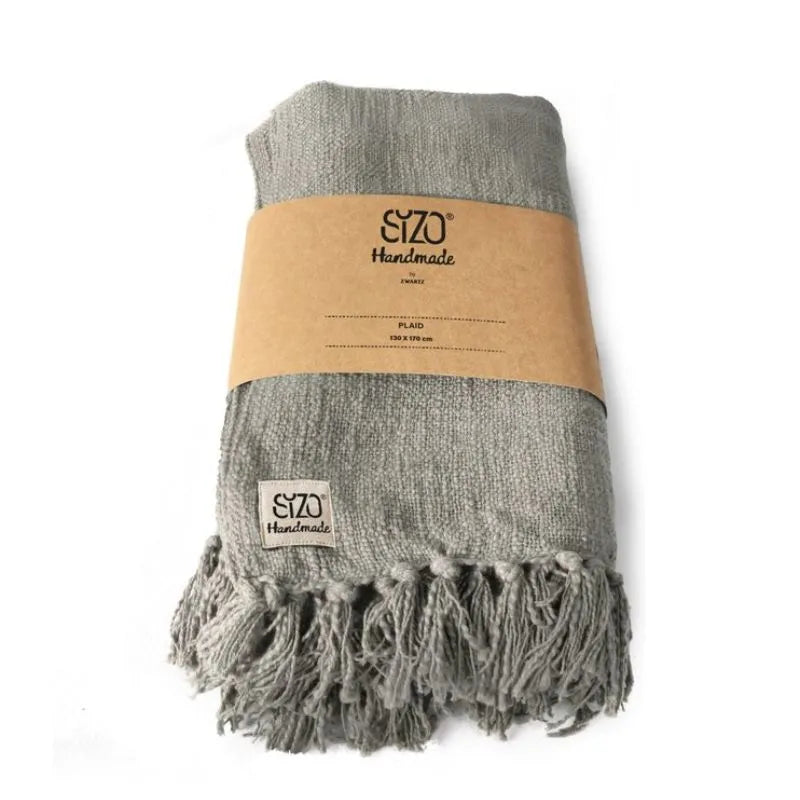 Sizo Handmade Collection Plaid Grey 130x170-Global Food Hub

...

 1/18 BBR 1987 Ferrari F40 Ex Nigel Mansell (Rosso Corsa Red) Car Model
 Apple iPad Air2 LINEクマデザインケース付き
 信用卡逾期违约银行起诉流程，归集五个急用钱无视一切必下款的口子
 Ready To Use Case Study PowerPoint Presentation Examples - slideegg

Task description
Using the entries above, extract exactly the span from the line with "信用卡逾期违约银行起诉流程，归集五个急用钱无视一切必下款的口子" to the line with "Ready To Use", both lines included; leave out everything else.

Problem solution
 信用卡逾期违约银行起诉流程，归集五个急用钱无视一切必下款的口子
 Ready To Use Case Study PowerPoint Presentation Examples - slideegg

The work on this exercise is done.